Option B: No labels — use human calibration¶

This is the common case for production systems. You have questions but no correct answers.

Run trustgate calibrate --export questionnaire.html
Share the HTML file with a domain expert
They pick the acceptable answer for each question (10 minutes for 50 items)
Run trustgate certify --ground-truth labels.json

See Human Calibration for the full guide.

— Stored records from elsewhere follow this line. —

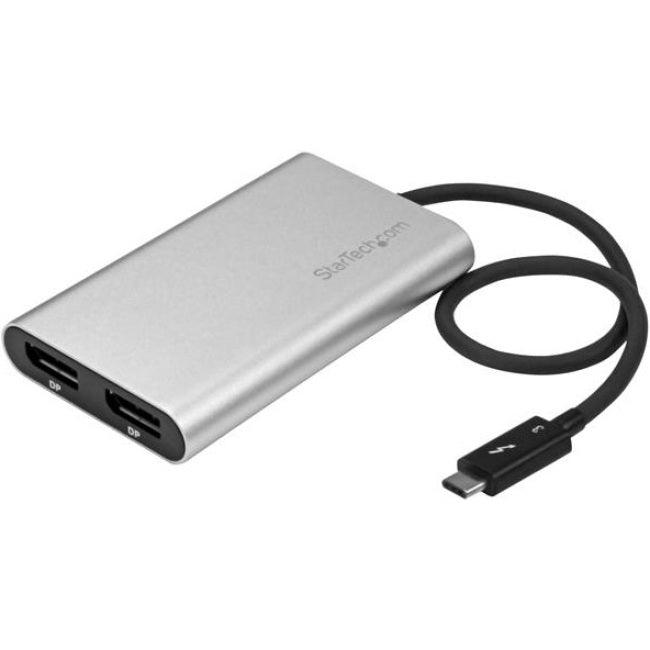 StarTech.com Thunderbolt 3 to Dual DisplayPort Adapter - 4K 60Hz Dual Monitor TB3 DisplayPort 1.2 Video Adapter - Thunderbolt 3 Certified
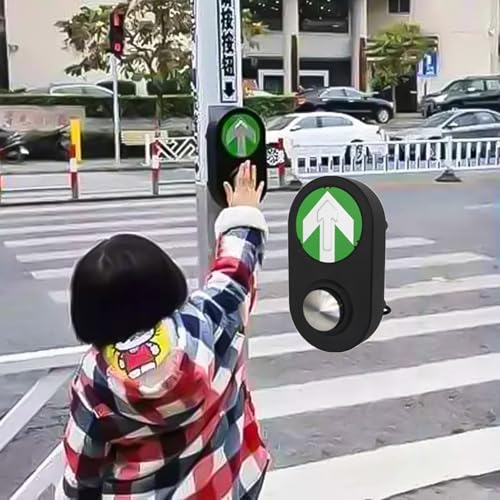 Lmekoe Crosswalk Pedestrian Push Button Traffic Signal Push Button Contactor for Safety Crossing Traffic Light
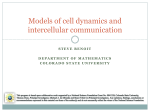 Mathematical Modeling biological events and cell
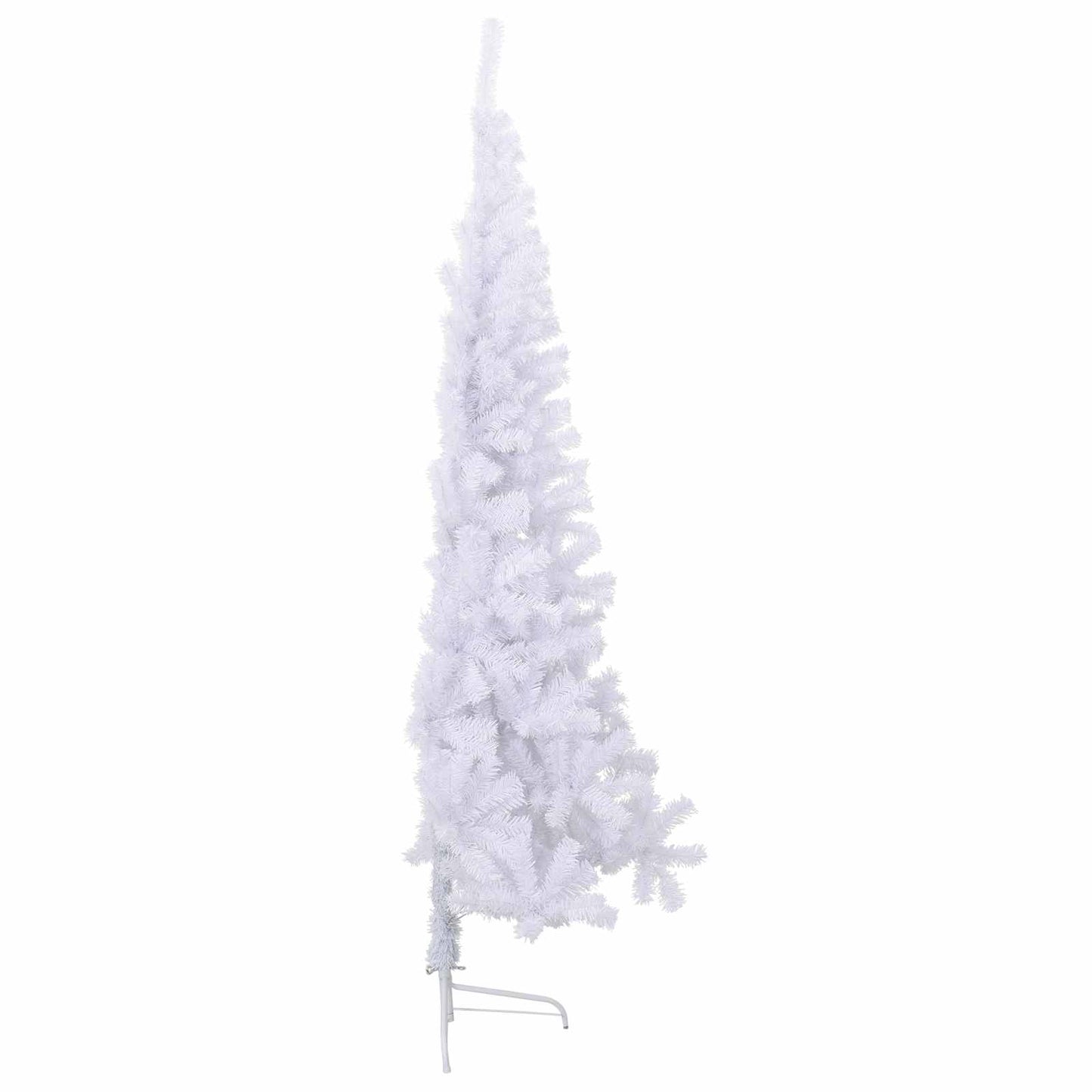 Albero di Natale artificiale Bianco 240 cm PVC e Acciaio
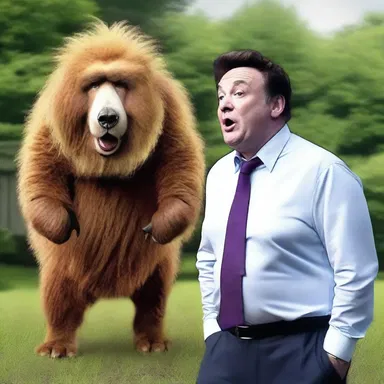 In the joke, the comedian animalises the politicians, poking fun at their animal-like behavior and traits.
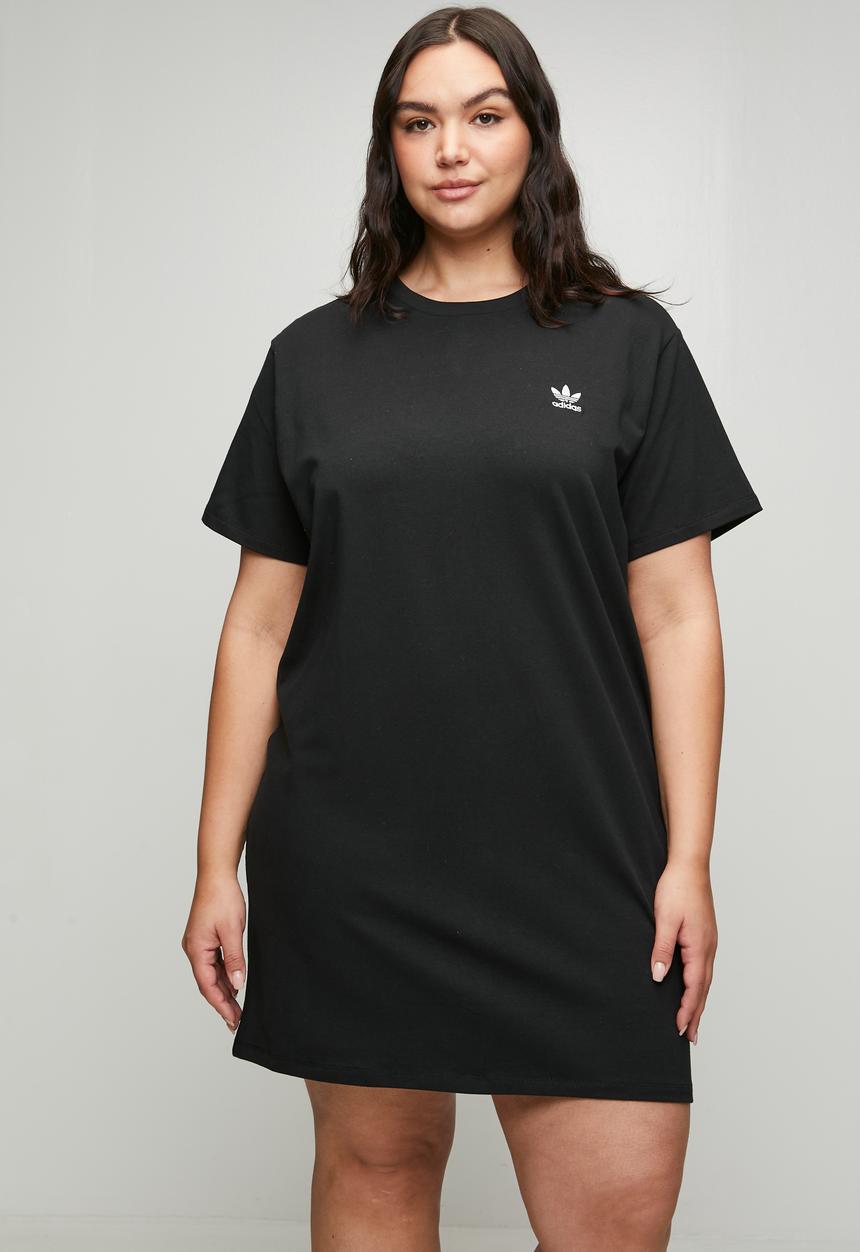 adidas Originals - Plus tref dress s26 - black/white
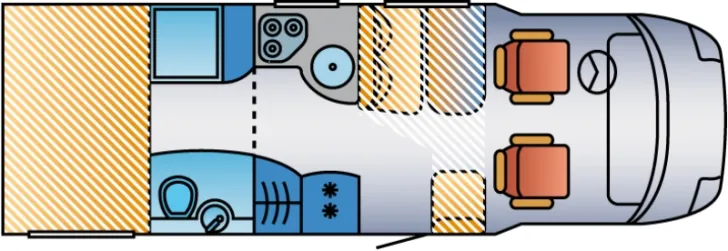 Grundriss Tag Hymer Tramp SL 694 Aktionswoche bis 15.11.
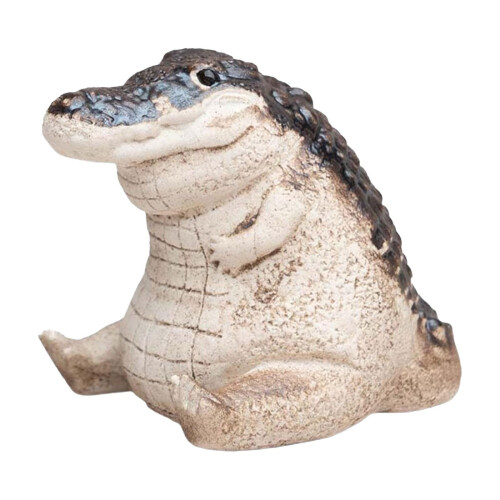 Baby-Alligator-Figur aus Kunstharz, Gartendekoration 1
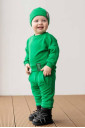Тёплый детский костюм Verner, зелёный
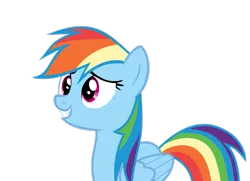 Size: 1051x759 | Tagged: safe, artist:missbeigepony, derpibooru import, rainbow dash, pegasus, pony, .svg available, simple background, smiling, solo, transparent background, vector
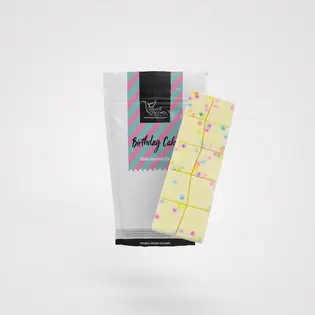 (0.1g) Birthday Cake White Chocolate Bar 100mg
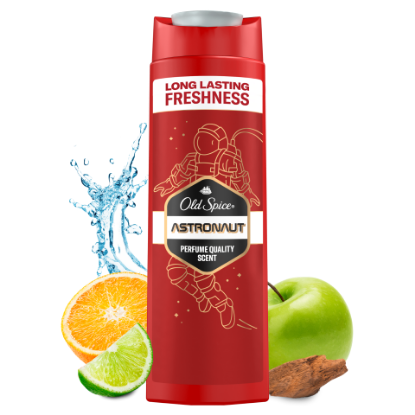Old Spice Astronaut Tusfürdő És Sampon Férfiaknak 400ml,3az1-ben, Hosszan Tartó Frissesség termékhez kapcsolódó kép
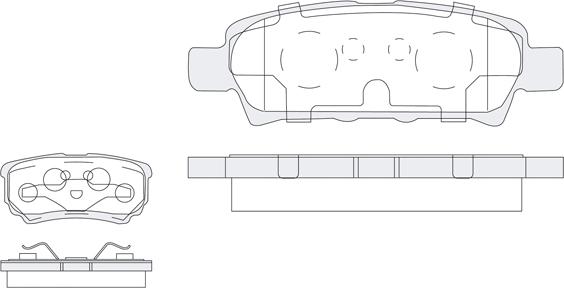 KSH EUROPE 1850.0058046 - Kit de plaquettes de frein, frein à disque cwaw.fr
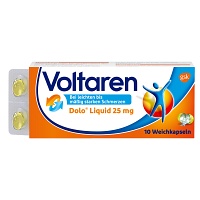 VOLTAREN Dolo Liquid 25 mg Weichkapseln - 10Stk - Erkältung & Schmerzen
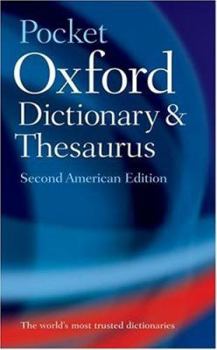 Paperback The Pocket Oxford Dictionary and Thesaurus Book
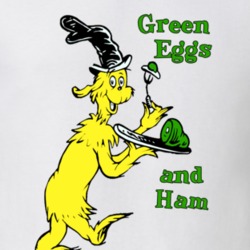 Green Eggs And Ham Dr Seuss Popular Childrens Books T shirt 19275436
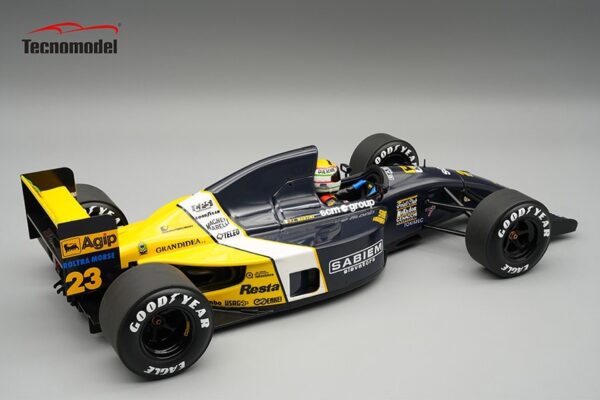 Tecnomodel - 1:18 Minardi M191 No.23 Pierluigi Martini 1991 Monaco GP - Limited Edition Resin Model 3 Tecnomodel - 1:18 Minardi M191 No.23 Pierluigi Martini 1991 Monaco GP - Limited Edition Resin Model
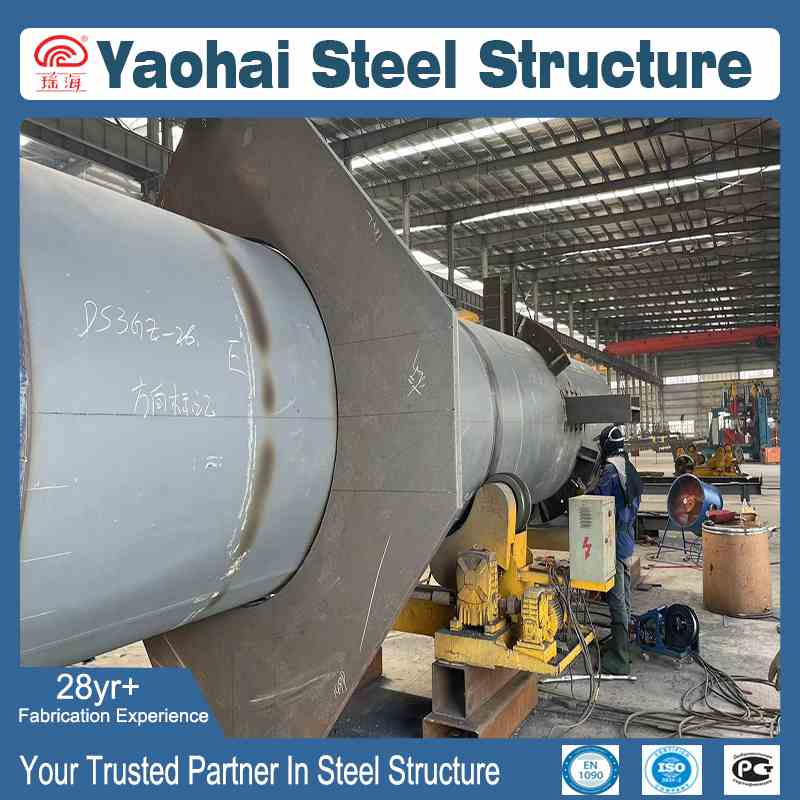 Custom Steel Pipe Column and Complex Heavy Steel Structure Fabrication
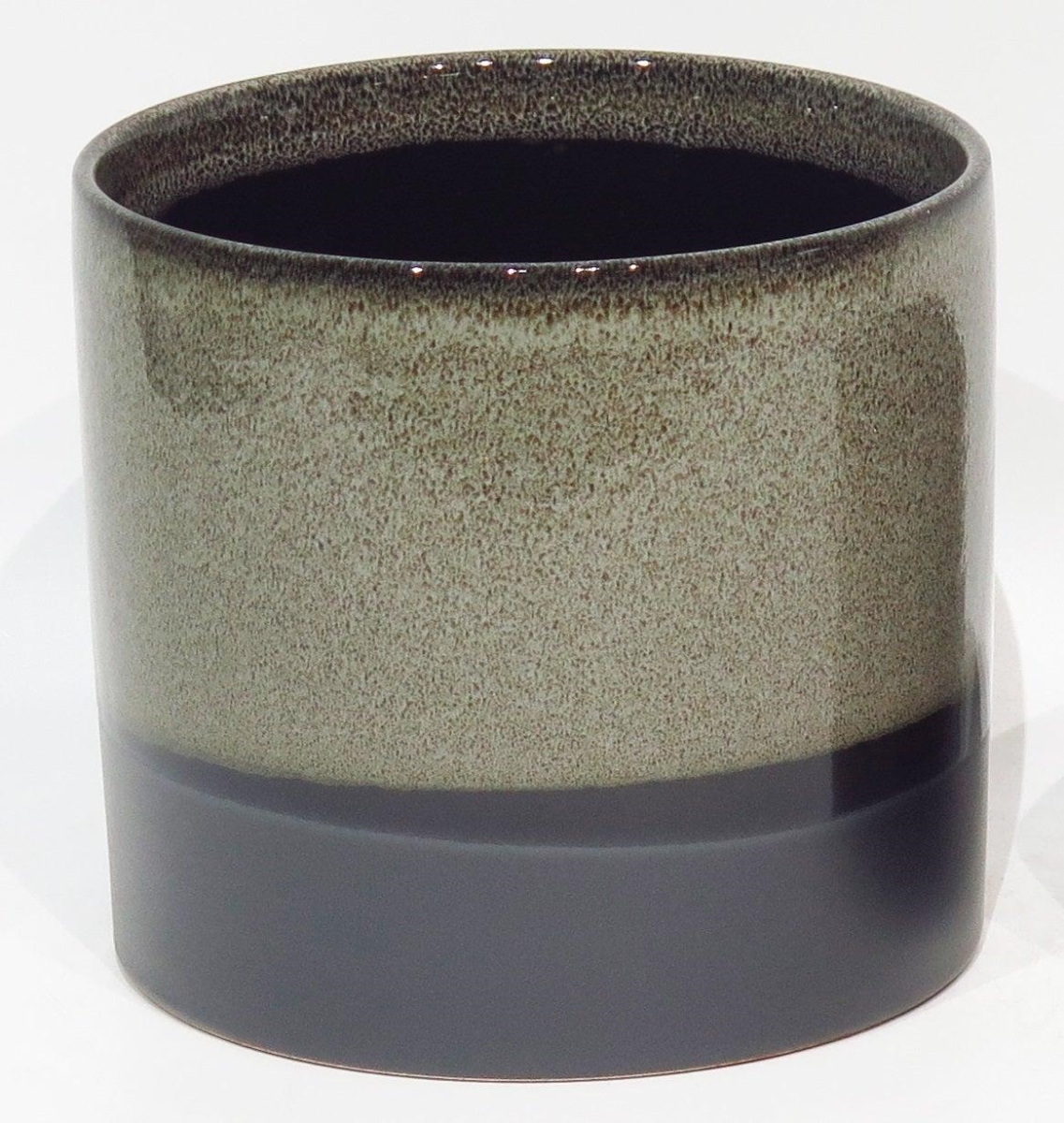 AI-CE10-177-Q02 Black & Gray Reactive Glaze Planter - Set of 2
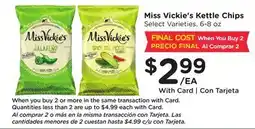 Ralphs Miss Vickie's Kettle Chips offer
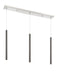 Z-Lite Canada - LED Linear Chandelier - Forest - Brushed Nickel- Union Lighting Luminaires Decor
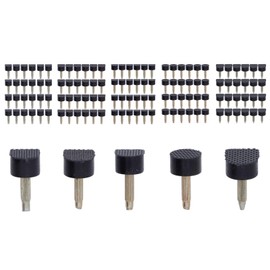 Heel Tips, Pack of 120 High Heel Tips Repair Heel Caps Kit U Round Shape Heel Replacement Shoe Repair Stiletto Heels Shoes Pin Heel Dowel Stiletto Shoes Black (5 Different Sizes)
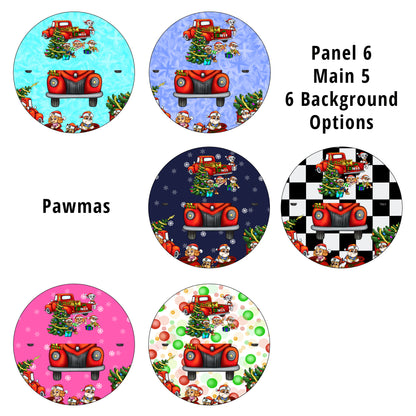 R82 Pawmas Panel 6 Main 5 Nappy/Undie Panel PREORDER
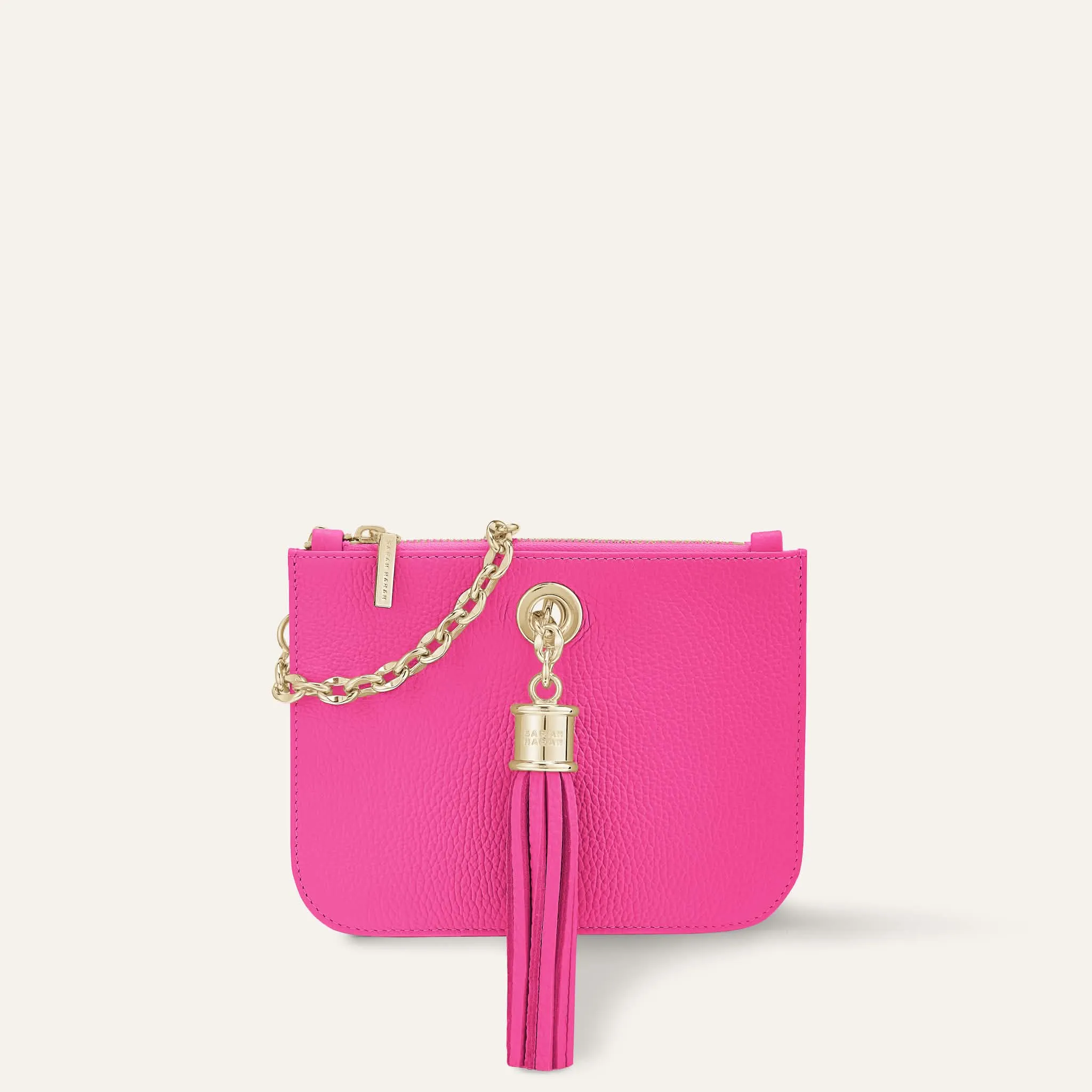 Mini P Backpack | Pink Kiss with Gold hardware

Option C: No labels, no human — use auto-judge¶

If you can't get a human reviewer, use an LLM to automatically pick the correct answer from the ranked canonical answers (automated calibration):

trustgate certify --auto-judge --config trustgate.yaml

This requires a judge_endpoint in your config (the LLM that judges):

canonicalization:
  type: "llm"       # or mcq, numeric, etc.
  judge_endpoint:    # also used by --auto-judge for calibration
    url: "https://api.openai.com/v1/chat/completions"
    model: "gpt-4.1-nano"
    api_key_env: "LLM_API_KEY"

The auto-judge replaces the human in the calibration step — it looks at each question and its ranked canonical answers, and picks the correct one. This is less rigorous than human calibration (the judge has irreducible bias — see the paper, Proposition 3.4), but it's fully automated.

How many questions do I need?¶

Calibration set size	Reliability estimate quality
30	Rough estimate (large confidence interval)
50	Reasonable for initial assessment
100	Good for most production use cases
250+	High-precision certification
500+	Publication-grade results

The conformal coverage gap is bounded by 1/(n+1), where n is the calibration set size. With 50 items, the gap is at most 2%. With 500 items, it's at most 0.2%.

You also need a test set of equal size (TrustGate splits automatically). So for 100 calibration items, prepare at least 200 questions total.

Putting it all together¶

# 1. Generate or extract questions
#    → questions.csv (at least 200 rows)

# 2. Certify (with ground truth labels)
trustgate certify --questions questions.csv

# 2. Or certify (with human calibration)
trustgate calibrate --export questionnaire.html --questions questions.csv
# → share with expert → get labels.json back
trustgate certify --questions questions.csv --ground-truth labels.json

The hardest part is getting started. Once you have 50-100 representative questions, TrustGate handles the rest.